Work required – Only the number is needed: how many lines in the entries below contain the string "Great"?

(Data begins)

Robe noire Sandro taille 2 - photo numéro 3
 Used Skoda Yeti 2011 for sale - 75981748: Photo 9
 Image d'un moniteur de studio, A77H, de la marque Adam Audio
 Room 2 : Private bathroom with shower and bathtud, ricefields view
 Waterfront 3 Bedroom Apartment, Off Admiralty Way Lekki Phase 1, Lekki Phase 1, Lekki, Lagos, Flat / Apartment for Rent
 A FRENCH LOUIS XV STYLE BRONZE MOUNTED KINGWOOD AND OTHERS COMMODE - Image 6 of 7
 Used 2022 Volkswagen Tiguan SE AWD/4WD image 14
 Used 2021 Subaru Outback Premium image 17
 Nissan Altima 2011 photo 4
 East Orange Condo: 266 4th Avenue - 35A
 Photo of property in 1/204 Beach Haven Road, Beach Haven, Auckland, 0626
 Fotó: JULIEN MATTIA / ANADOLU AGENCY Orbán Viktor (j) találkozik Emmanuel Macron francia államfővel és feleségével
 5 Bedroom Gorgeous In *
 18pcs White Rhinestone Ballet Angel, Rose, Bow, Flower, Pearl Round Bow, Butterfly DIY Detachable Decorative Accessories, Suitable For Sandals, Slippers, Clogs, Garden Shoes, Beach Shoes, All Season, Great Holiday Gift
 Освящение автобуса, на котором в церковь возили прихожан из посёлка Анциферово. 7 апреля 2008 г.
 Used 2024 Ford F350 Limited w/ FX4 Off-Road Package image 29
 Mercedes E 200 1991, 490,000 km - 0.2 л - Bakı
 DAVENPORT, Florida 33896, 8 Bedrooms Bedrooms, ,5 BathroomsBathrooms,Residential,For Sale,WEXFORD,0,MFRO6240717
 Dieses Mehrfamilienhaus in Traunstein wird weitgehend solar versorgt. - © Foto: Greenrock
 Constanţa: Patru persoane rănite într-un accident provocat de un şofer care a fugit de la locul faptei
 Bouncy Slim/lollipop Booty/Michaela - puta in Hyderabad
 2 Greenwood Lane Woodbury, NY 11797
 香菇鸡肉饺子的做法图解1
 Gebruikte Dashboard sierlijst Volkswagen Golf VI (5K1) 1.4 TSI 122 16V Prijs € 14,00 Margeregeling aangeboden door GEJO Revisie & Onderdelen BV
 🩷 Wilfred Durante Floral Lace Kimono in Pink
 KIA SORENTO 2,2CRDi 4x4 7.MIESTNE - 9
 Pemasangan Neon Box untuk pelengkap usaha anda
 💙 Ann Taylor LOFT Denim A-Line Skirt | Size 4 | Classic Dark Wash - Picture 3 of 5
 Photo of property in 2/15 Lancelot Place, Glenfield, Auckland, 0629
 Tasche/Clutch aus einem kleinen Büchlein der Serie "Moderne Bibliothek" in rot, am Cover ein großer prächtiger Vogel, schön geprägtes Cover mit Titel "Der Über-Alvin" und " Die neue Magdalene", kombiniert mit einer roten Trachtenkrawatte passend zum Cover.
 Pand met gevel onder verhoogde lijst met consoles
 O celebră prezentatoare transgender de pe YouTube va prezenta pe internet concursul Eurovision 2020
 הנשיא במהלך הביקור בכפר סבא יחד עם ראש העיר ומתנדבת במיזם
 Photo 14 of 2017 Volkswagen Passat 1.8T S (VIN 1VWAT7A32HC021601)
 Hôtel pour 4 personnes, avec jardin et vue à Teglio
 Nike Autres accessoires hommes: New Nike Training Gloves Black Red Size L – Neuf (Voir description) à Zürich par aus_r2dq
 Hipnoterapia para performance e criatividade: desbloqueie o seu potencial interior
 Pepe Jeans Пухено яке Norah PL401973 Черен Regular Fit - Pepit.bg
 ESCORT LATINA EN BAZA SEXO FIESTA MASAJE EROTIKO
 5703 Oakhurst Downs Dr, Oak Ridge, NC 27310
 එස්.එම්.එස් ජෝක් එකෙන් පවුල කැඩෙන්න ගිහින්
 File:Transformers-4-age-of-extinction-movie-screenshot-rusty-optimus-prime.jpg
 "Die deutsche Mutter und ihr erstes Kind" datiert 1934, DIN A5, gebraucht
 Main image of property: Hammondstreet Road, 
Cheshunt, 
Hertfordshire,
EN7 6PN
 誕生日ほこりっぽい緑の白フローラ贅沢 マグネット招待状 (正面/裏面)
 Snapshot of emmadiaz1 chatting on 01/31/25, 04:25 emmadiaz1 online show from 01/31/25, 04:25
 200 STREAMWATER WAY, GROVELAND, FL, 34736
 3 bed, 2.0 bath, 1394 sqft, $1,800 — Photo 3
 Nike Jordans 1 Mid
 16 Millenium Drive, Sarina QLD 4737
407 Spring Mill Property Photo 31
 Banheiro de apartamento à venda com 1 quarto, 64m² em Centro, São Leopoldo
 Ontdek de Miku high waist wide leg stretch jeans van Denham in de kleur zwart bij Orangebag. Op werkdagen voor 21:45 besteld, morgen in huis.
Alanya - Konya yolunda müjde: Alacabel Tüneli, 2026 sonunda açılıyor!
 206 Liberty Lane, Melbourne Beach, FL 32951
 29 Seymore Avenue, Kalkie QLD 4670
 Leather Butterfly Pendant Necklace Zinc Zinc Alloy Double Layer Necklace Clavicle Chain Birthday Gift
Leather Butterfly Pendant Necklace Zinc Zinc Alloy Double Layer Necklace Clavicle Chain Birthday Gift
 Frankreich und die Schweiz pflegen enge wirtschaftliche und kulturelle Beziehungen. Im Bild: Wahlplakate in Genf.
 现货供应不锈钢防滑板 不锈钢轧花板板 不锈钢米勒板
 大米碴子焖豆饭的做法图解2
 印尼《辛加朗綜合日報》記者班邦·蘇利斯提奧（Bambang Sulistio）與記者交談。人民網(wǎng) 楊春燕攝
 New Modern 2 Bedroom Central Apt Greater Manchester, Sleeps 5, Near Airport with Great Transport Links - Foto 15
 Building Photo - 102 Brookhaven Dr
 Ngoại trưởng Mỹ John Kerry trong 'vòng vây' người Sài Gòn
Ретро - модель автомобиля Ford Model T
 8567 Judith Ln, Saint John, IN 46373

(Data ends)

Solution to this problem – 2